Light, sweet crude for August delivery yesterday closed down $5.31 to $129.29 a barrel on the New York Mercantile Exchange. That left it 12 percent lower — nearly $18 less — than last week's record high of $147.27 a barrel and at its lowest since June 5.
The drop also hit other energy futures, such as natural gas, which fell more than 7 percent after the government reported a larger-than-expected increase in U.S. inventories. Oil stocks, which have generated hefty returns during the crude oil price surge, also dropped yesterday, with an index of 13 major energy stocks falling about 1 percent.
"You are seeing the end of the rally," said David Kirsch, a manager at PFC Energy in New York. "I think you're going to see a major correction. ... If your pension fund was long in oil, you're going to have to work a couple more years."
The fall in oil prices helped propel the stock market to its second straight gain.
The rally was led once again by battered financial shares, which jumped on better-than-expected second-quarter earnings from J.P. Morgan Chase & Co.
But after the close of trading, brokerage giant Merrill Lynch & Co. reported a loss of almost $4.7 billion.
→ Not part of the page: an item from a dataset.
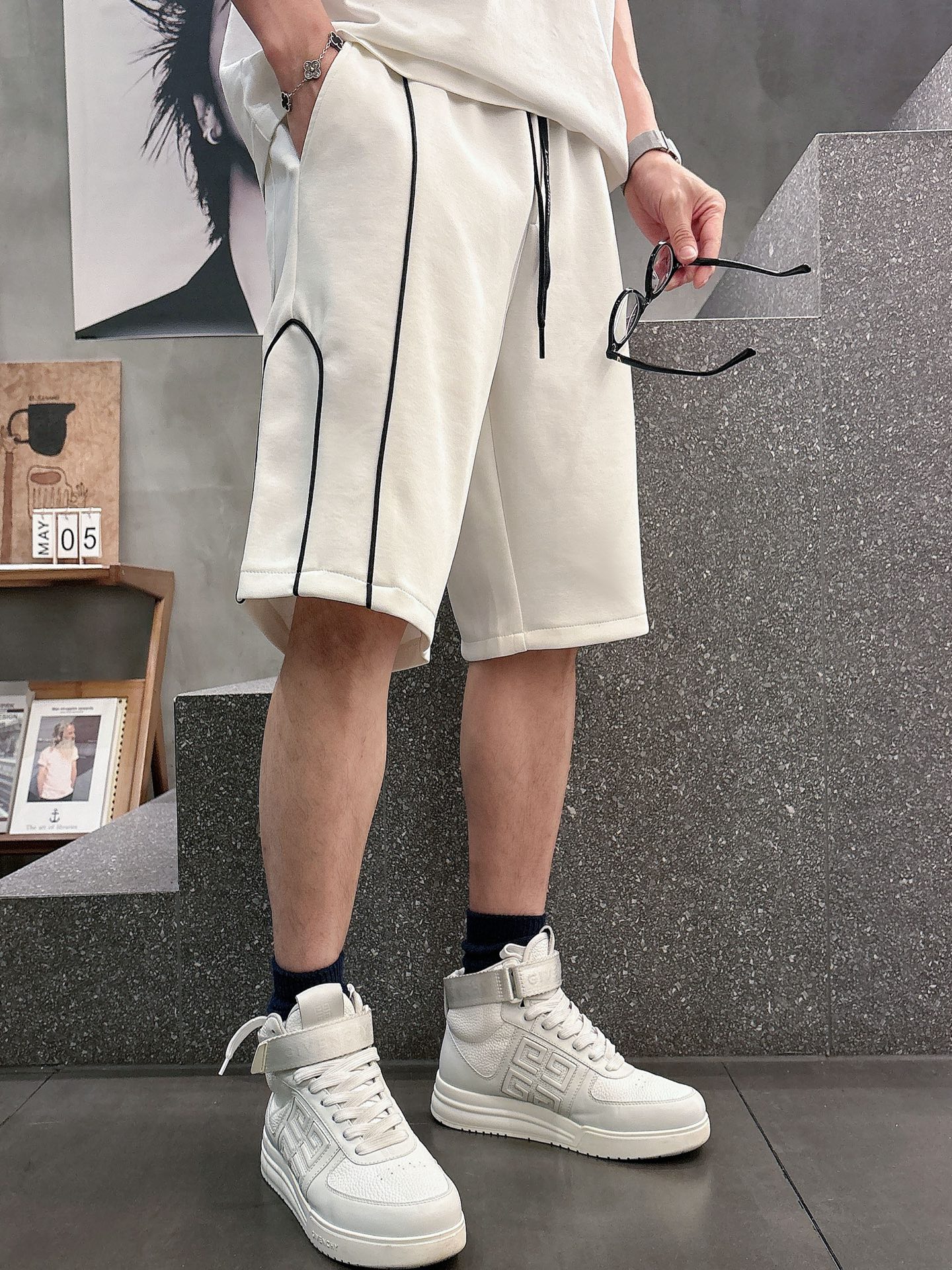 LV  三标齐全    2026夏季新款男士休闲短裤，高级定制面料透气面料 透气弹力舒适度极高，细节无可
Merrill had to write off almost $10 billion because of the housing slump and credit crunch.
The stock market could continue to rise in the near term, but is likely to face stiff headwinds from investors selling into rallies.
"I think we go higher, but it's going to be very hard going," said John Bollinger, head of Bollinger Capital Management.
"Every bit of that climb up, people are going to be saying, 'Oh, my God, I'm almost whole. Let me get out now.' "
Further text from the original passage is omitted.